We have significant maintenance and seismic upgrade needs, with some of our buildings in dire condition. We must ensure our facilities are equipped to provide the learning environments and program capacities to best prepare our students for an evolving future. We have an opportunity to create a next-generation learning environment for our students in the 21st century and beyond.

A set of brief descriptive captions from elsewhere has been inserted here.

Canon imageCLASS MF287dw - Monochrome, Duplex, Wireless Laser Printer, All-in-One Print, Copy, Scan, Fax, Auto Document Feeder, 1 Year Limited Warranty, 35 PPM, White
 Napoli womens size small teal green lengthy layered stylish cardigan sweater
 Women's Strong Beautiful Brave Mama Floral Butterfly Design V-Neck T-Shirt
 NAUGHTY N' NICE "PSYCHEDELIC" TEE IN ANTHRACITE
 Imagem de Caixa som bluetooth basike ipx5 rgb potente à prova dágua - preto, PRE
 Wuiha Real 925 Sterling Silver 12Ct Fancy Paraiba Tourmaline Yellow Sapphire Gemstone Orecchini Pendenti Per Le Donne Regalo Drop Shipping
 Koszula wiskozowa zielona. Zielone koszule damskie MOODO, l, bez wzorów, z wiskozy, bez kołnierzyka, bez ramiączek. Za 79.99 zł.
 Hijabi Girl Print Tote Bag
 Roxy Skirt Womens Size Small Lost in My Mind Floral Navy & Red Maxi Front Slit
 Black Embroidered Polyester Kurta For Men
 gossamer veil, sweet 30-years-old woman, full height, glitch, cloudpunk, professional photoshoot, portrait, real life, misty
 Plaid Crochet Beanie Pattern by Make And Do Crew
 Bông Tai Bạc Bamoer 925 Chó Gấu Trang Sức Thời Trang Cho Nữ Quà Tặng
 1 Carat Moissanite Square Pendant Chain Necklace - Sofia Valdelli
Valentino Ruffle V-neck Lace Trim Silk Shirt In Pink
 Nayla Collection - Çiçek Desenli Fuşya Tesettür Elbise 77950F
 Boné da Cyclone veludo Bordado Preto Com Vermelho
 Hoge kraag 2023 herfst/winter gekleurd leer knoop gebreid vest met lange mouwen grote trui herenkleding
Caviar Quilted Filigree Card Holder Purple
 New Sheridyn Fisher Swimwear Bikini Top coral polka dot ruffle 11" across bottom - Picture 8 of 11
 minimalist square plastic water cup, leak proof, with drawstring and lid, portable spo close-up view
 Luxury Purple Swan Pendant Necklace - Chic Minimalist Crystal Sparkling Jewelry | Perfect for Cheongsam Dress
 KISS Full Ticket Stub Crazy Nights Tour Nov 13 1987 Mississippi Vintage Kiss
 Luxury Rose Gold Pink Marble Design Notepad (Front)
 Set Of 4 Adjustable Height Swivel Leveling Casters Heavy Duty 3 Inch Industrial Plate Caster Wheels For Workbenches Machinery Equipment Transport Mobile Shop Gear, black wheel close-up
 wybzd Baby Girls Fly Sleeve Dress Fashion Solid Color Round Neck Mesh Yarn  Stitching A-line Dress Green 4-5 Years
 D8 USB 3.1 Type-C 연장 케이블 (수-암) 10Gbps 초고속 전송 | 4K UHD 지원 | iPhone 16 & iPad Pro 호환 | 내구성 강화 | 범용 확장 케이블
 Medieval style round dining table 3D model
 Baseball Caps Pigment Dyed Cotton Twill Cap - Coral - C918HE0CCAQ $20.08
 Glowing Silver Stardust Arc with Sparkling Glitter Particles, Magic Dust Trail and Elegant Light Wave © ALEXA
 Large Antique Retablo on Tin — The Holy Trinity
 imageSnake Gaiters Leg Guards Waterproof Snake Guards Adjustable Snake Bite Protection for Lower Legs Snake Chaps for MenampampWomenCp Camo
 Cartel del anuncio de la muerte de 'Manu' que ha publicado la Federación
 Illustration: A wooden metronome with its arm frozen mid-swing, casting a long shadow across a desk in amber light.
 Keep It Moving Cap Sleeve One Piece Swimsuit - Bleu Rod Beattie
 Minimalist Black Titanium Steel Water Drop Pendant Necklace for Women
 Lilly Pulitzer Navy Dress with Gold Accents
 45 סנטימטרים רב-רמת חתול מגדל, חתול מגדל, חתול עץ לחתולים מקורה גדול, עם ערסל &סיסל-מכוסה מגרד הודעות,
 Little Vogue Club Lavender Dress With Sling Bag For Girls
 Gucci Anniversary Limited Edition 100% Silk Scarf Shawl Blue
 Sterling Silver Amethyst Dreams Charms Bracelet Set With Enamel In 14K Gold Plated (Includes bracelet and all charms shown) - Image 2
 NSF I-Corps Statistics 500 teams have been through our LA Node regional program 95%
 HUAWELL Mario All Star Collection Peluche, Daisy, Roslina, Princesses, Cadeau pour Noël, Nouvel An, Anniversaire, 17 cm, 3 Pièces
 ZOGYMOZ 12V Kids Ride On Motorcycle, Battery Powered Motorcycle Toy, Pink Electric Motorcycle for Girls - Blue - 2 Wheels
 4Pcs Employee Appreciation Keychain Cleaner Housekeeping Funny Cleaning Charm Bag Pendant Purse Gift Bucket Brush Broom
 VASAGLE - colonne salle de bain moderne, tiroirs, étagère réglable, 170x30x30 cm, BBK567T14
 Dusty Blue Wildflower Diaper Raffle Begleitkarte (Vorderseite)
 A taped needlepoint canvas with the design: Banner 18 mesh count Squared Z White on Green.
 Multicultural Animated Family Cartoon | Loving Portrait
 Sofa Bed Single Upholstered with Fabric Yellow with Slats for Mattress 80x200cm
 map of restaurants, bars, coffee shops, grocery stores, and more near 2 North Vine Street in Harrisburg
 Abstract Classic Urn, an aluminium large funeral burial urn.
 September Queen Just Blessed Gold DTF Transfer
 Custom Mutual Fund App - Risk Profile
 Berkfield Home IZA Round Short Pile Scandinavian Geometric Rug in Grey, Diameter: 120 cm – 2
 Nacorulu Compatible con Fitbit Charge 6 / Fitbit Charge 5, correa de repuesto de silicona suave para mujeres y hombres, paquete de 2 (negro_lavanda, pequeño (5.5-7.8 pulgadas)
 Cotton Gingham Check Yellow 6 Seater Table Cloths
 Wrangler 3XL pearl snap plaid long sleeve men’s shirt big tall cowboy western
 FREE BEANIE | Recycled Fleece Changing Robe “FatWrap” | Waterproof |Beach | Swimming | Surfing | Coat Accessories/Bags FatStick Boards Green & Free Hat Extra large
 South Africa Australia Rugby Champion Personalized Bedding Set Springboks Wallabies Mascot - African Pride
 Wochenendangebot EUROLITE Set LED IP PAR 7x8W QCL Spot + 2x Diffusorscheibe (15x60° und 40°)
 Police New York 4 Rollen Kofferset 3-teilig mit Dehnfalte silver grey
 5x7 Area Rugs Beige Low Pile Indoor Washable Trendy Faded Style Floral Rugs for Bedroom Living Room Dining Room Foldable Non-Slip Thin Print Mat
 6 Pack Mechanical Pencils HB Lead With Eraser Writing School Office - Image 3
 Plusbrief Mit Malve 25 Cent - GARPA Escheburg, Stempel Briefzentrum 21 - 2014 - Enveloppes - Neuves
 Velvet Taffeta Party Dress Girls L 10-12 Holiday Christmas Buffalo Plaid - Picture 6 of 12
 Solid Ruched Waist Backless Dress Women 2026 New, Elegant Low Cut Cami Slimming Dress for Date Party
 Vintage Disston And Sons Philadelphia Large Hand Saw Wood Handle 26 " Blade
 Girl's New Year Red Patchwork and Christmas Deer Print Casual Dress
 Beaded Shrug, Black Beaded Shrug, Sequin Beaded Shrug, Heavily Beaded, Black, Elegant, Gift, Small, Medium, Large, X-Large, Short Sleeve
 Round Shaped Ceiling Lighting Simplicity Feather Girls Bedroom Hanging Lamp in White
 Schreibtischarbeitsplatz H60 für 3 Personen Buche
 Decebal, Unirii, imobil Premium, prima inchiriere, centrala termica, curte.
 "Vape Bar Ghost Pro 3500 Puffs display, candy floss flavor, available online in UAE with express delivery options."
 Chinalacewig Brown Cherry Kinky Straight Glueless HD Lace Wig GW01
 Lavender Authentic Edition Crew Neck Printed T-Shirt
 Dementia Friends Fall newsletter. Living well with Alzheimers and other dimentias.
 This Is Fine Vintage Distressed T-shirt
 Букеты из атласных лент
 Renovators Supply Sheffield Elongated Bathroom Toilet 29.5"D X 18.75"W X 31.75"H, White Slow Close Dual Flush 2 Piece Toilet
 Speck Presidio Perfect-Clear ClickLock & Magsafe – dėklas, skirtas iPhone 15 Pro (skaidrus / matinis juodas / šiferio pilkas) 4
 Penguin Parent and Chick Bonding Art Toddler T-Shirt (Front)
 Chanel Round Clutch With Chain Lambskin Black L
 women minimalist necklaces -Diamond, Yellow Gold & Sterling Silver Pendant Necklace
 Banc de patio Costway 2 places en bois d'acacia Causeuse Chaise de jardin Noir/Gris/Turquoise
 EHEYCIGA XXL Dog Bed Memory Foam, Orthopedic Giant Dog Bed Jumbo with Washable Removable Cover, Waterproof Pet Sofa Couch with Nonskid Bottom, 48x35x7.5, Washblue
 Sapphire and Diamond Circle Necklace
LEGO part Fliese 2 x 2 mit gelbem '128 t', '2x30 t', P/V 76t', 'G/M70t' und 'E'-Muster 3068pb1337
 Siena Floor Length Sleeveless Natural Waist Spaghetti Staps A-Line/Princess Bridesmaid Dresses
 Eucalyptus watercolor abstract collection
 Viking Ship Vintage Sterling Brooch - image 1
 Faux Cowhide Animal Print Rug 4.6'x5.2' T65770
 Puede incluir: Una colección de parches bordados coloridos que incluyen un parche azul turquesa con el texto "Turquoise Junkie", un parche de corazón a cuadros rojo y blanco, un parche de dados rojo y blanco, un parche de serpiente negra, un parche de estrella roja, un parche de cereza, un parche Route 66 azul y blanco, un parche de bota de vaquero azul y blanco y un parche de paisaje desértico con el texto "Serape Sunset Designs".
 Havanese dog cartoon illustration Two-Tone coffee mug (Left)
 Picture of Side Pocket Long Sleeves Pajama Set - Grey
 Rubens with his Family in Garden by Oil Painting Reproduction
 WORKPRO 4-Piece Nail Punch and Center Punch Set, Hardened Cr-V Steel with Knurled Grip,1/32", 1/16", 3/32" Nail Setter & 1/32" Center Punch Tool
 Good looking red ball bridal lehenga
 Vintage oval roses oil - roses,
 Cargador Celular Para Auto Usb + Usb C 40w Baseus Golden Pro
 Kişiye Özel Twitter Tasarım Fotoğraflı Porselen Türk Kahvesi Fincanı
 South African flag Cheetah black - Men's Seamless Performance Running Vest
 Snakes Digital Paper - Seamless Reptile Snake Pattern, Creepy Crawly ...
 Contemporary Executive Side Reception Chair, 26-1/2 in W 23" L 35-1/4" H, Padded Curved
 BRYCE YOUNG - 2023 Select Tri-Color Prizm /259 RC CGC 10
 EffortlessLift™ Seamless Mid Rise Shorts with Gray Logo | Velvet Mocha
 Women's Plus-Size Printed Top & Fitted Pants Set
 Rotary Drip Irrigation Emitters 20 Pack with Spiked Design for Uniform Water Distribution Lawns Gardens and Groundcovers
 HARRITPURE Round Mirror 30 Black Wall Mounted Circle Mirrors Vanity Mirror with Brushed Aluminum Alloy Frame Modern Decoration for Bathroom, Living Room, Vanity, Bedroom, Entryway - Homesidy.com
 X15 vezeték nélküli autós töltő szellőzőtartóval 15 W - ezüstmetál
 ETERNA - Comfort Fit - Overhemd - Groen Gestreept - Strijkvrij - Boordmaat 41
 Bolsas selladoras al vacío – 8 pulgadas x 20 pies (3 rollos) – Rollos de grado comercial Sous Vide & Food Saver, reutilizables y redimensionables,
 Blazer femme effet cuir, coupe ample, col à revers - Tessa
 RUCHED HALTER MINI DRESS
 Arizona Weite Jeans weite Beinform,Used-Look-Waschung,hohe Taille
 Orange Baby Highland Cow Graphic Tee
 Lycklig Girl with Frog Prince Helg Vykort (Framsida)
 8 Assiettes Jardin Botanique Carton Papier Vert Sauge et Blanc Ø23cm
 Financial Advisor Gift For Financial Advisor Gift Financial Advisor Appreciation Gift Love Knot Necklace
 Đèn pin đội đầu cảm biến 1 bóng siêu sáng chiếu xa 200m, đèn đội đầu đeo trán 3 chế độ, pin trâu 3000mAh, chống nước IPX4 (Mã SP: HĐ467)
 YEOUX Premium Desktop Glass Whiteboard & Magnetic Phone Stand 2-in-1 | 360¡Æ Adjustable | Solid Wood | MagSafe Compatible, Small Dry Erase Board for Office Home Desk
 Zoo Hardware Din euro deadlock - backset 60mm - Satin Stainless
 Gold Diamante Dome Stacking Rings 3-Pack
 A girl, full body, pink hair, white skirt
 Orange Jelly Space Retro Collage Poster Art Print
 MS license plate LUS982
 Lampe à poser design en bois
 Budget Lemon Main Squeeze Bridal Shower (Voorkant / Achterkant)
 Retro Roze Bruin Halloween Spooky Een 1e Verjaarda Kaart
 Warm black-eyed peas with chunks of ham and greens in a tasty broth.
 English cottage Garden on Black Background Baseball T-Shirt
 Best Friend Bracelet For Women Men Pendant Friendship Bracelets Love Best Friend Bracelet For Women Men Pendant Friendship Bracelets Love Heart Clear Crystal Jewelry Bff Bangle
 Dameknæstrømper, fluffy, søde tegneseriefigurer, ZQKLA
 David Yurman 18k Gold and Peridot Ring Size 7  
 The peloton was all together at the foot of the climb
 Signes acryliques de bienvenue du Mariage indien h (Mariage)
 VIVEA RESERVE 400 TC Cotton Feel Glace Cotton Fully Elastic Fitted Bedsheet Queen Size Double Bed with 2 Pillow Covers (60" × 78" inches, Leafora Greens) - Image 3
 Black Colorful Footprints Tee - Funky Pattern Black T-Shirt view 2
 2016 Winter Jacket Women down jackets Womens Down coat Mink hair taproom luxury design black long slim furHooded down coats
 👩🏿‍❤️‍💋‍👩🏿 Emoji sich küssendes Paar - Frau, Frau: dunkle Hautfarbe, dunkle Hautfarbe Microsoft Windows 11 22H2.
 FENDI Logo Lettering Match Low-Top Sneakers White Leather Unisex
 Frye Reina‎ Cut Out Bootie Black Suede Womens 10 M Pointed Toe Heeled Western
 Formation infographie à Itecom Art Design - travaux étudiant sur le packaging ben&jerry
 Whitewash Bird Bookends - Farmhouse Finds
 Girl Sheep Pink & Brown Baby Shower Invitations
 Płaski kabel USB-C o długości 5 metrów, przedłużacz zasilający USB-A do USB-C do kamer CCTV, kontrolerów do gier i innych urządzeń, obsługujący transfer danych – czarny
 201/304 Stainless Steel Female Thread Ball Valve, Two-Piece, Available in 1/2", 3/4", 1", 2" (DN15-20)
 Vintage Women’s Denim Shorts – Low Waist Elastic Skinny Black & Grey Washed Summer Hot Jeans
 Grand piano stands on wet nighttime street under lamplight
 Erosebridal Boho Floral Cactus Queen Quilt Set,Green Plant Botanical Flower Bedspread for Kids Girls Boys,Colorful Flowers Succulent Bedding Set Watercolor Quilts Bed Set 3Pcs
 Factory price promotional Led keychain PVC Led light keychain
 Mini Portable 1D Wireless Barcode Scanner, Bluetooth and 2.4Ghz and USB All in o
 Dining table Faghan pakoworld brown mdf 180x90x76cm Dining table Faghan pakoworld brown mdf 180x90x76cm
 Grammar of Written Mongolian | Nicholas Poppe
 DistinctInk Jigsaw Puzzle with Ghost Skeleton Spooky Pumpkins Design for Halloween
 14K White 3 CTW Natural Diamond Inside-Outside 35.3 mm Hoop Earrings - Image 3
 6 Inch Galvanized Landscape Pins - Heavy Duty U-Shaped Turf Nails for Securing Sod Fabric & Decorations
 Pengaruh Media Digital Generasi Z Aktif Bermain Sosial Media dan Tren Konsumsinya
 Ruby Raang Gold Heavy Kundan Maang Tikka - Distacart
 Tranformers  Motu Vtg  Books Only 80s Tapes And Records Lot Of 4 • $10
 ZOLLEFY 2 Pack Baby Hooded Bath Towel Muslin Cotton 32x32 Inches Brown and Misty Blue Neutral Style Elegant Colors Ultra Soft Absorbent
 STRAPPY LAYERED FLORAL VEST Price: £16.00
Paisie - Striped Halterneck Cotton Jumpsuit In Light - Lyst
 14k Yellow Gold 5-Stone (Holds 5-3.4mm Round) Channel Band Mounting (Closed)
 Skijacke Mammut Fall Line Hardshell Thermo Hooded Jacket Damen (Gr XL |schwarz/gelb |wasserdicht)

This was not a vote to merge high schools, as was erroneously reported by a local TV station. There is no upcoming vote or plan to merge schools. The plan primarily gives us a list of guiding principles, comprehensive educational programming, advice on other district facilities and an oversight plan to ensure facilities are well managed in the future.
It does include three visions for the community to consider. The visions are on Page 49 of the Long Range Facilities Plan, which is available online at bit.ly/losdlrfp.
-- The first vision is for our 10 schools (two high schools, two middle schools and six elementary schools) to be renovated and/or expanded, but does not include new or replacement schools.
-- The second vision includes improving our 10 schools by replacing those in the worst condition (as determined by their Facilities Condition Index scores), while renovating or expanding other schools.
-- The third vision is for the district to consider consolidating high schools and junior highs within the next 10 years.
We have already heard feedback from community members as we meet with different school, parent and neighborhood groups. We plan on having more than 50 additional meetings in the next month with district staff and board member representatives to hear additional input and share the findings of the LRFP committee. The school board takes all feedback very seriously and will continue to listen to the community on this and other issues.
Now, its your turn. We want to invite you to be part of the process to prioritize the needs of our schools. This week, the school board has released a video highlighting the facilities planning effort ( bit.ly/losdvideo ), and the district would like to invite you to participate in a community engagement platform called ThoughtExchange. Our district will use this platform to gather community input, opinions and priorities regarding the future of our educational programs and facility improvement planning. Share your thoughts at losd.thoughtexchange.com/invitation.
Our schools are synonymous with excellence, and with good reason. It is time for our buildings to match the quality of our educational programs. Please share your voice, get involved, feel free to call any one of us, and help us keep our school district the best in the nation.
Lake Oswego School Board members Liz Hartman, Bob Barman, Sarah Howell, John Wallin and John Wendland co-wrote this Citizens View.